### Image-caption web data

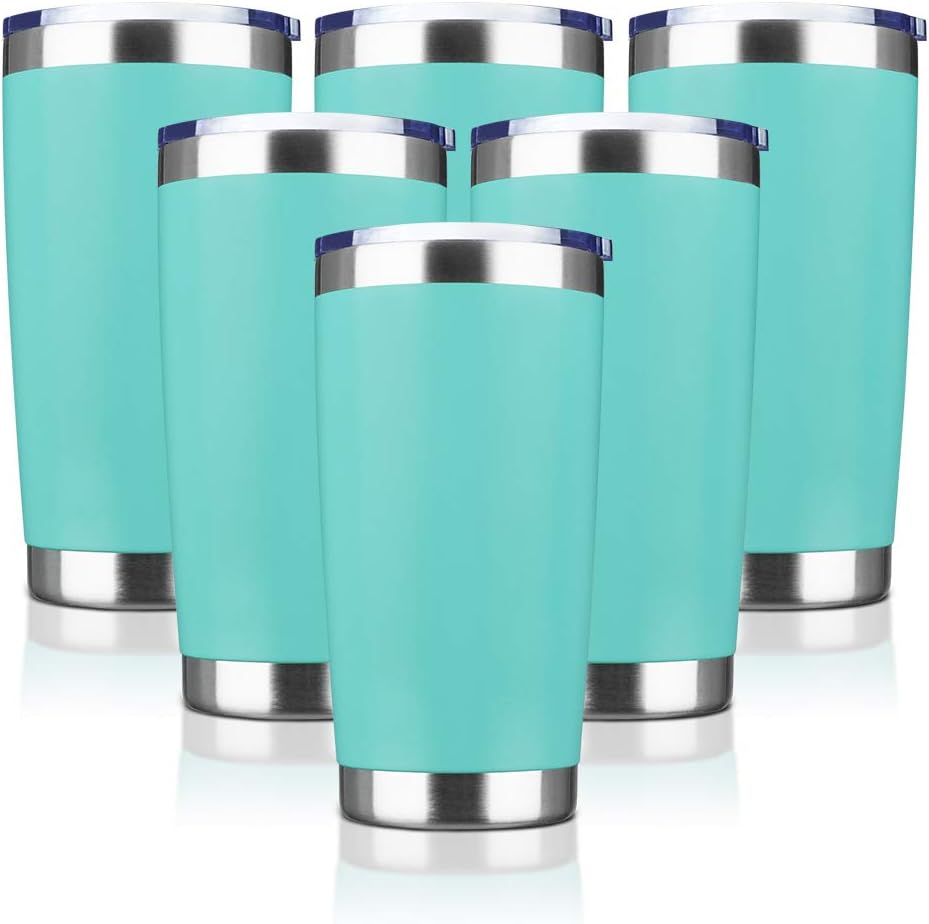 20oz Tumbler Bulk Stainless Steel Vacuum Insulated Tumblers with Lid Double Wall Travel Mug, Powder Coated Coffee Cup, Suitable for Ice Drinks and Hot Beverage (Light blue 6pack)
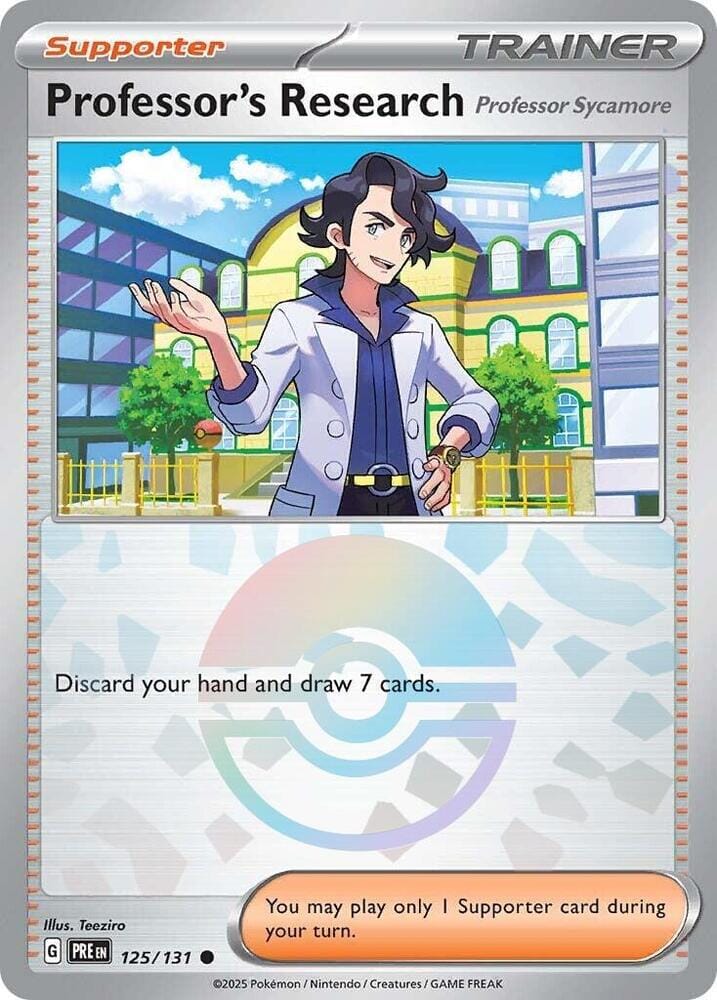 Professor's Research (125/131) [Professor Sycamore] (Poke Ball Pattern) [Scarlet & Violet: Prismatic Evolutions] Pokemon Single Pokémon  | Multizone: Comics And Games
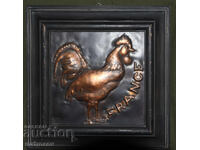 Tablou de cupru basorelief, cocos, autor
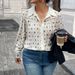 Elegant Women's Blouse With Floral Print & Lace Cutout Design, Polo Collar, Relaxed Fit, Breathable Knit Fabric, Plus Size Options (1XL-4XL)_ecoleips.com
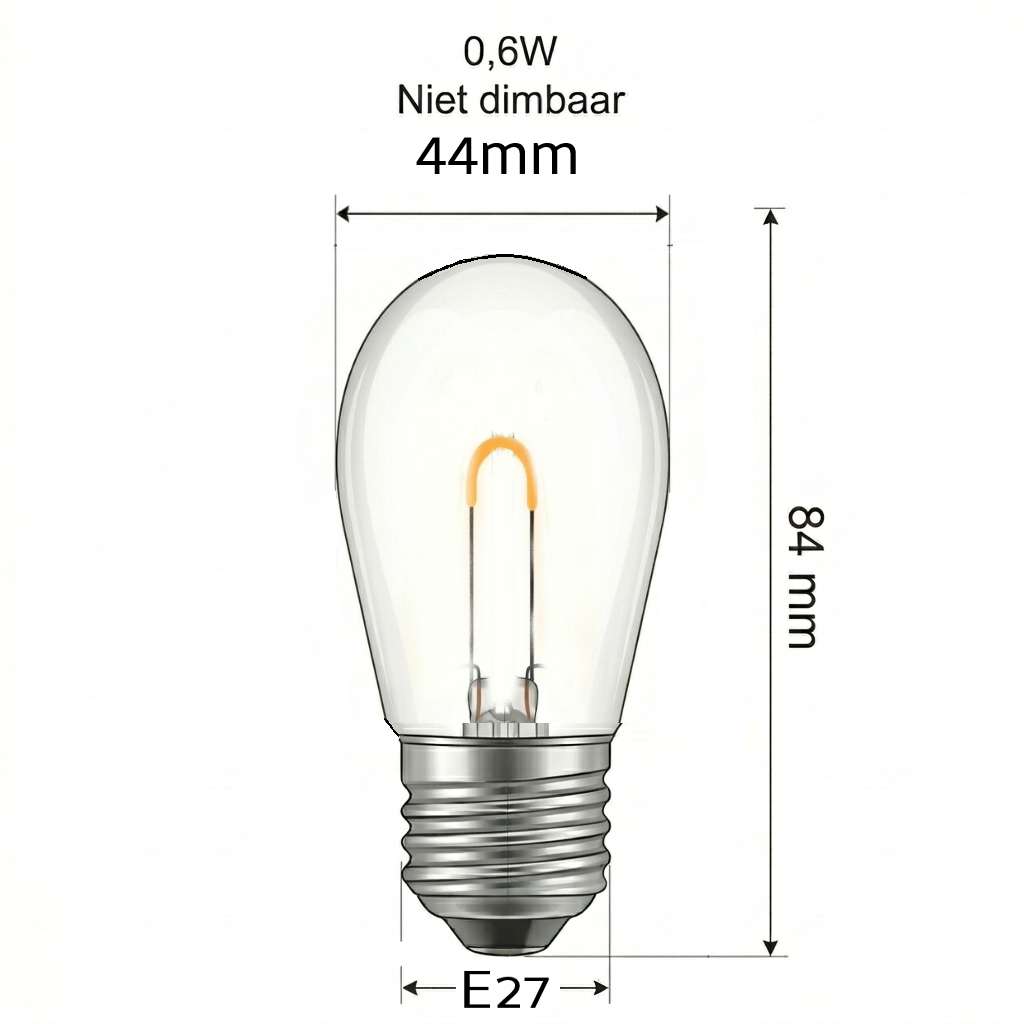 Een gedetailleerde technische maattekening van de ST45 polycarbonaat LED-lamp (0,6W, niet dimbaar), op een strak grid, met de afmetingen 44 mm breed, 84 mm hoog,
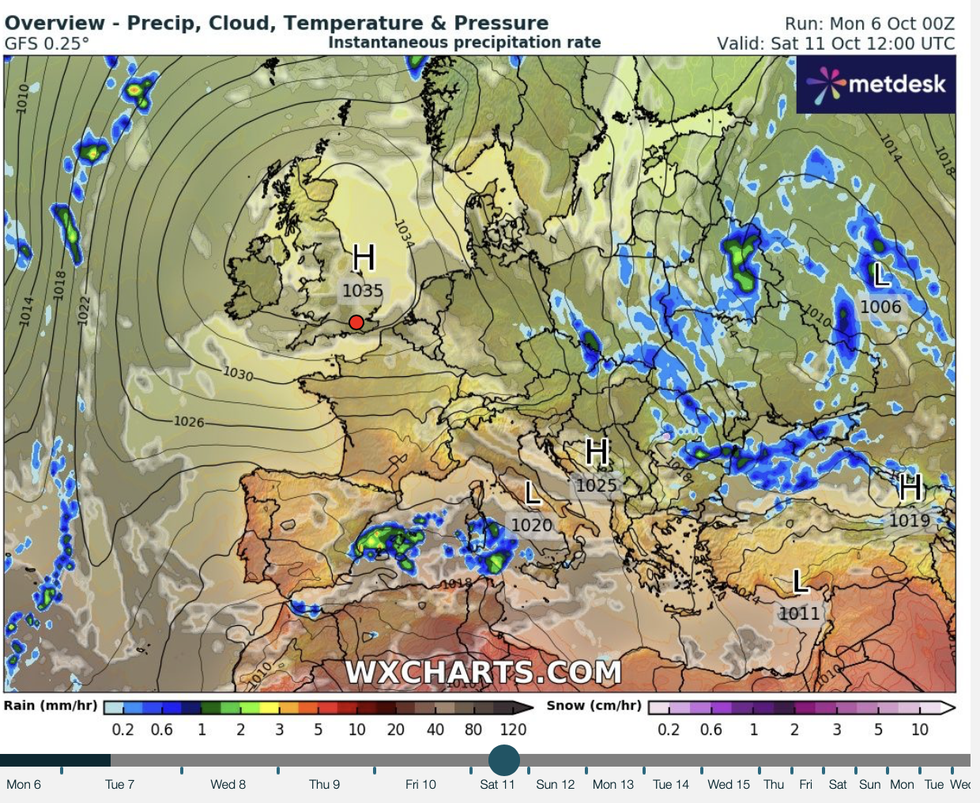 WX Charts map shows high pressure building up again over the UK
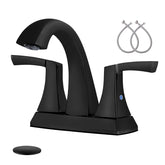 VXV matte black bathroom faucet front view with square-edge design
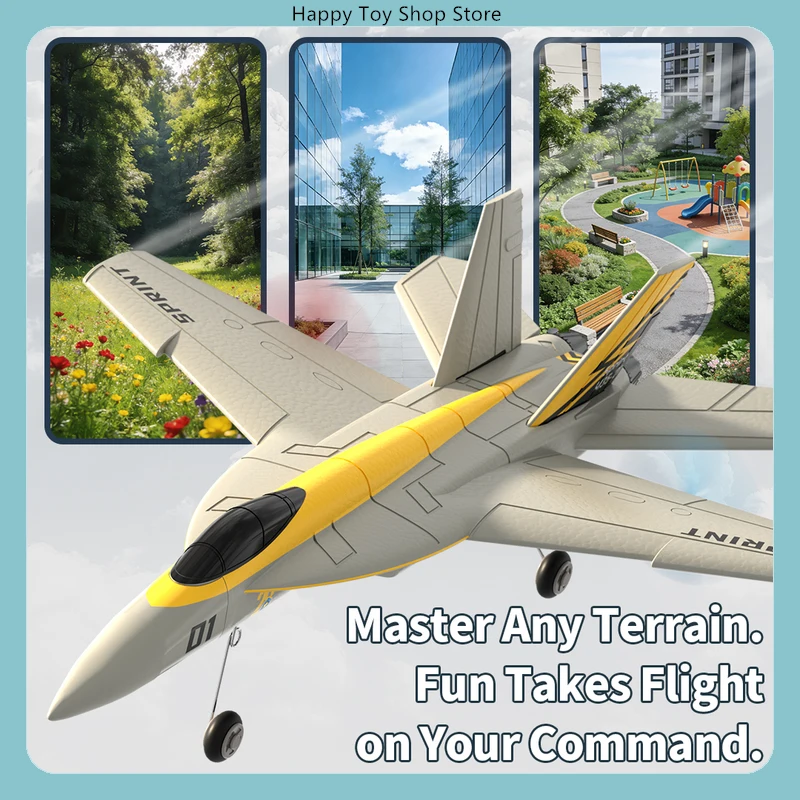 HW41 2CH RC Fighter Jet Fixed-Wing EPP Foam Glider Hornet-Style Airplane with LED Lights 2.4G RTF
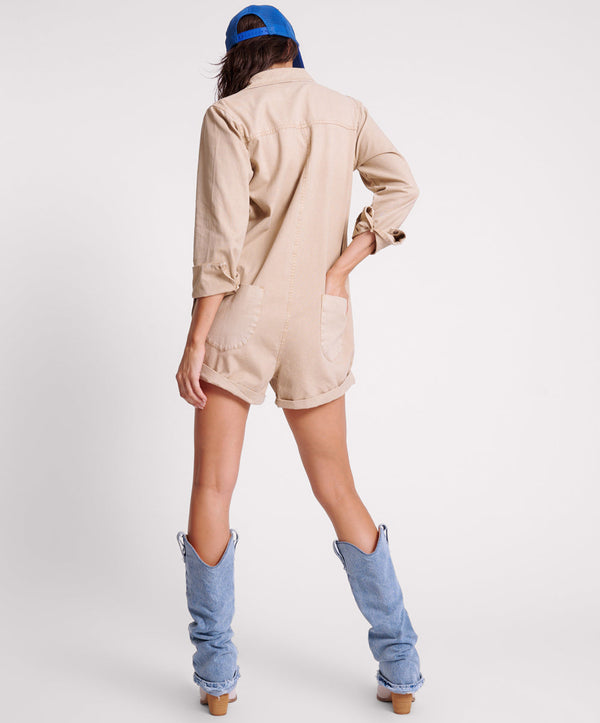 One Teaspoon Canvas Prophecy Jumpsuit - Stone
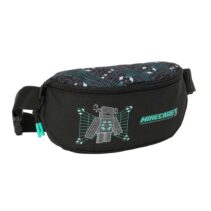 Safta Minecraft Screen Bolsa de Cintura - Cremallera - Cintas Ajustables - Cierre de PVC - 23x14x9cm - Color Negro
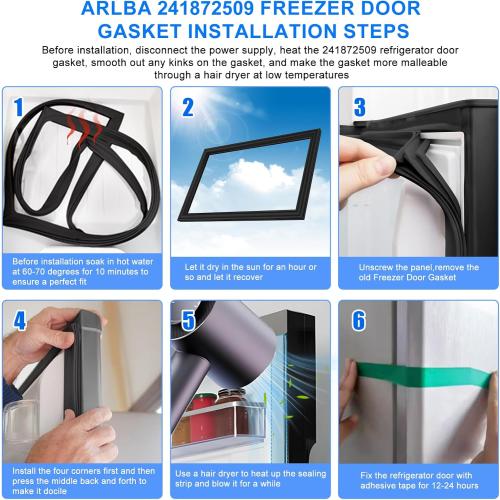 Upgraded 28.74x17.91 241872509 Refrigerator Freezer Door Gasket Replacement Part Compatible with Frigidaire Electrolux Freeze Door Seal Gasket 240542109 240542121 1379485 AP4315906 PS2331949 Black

### Task description
Verbatim reproduction of every entry is needed, with the images left out.

### Worked solution
 20oz Tumbler Bulk Stainless Steel Vacuum Insulated Tumblers with Lid Double Wall Travel Mug, Powder Coated Coffee Cup, Suitable for Ice Drinks and Hot Beverage (Light blue 6pack)
 Professor's Research (125/131) [Professor Sycamore] (Poke Ball Pattern) [Scarlet & Violet: Prismatic Evolutions] Pokemon Single Pokémon  | Multizone: Comics And Games
 Tablou de cupru basorelief, cocos, autor
 Elegant Women's Blouse With Floral Print & Lace Cutout Design, Polo Collar, Relaxed Fit, Breathable Knit Fabric, Plus Size Options (1XL-4XL)_ecoleips.com
 Een gedetailleerde technische maattekening van de ST45 polycarbonaat LED-lamp (0,6W, niet dimbaar), op een strak grid, met de afmetingen 44 mm breed, 84 mm hoog,
 WX Charts map shows high pressure building up again over the UK
 VXV matte black bathroom faucet front view with square-edge design
 HW41 2CH RC Fighter Jet Fixed-Wing EPP Foam Glider Hornet-Style Airplane with LED Lights 2.4G RTF
 One Teaspoon Canvas Prophecy Jumpsuit - Stone
 Safta Minecraft Screen Bolsa de Cintura - Cremallera - Cintas Ajustables - Cierre de PVC - 23x14x9cm - Color Negro
 Upgraded 28.74x17.91 241872509 Refrigerator Freezer Door Gasket Replacement Part Compatible with Frigidaire Electrolux Freeze Door Seal Gasket 240542109 240542121 1379485 AP4315906 PS2331949 Black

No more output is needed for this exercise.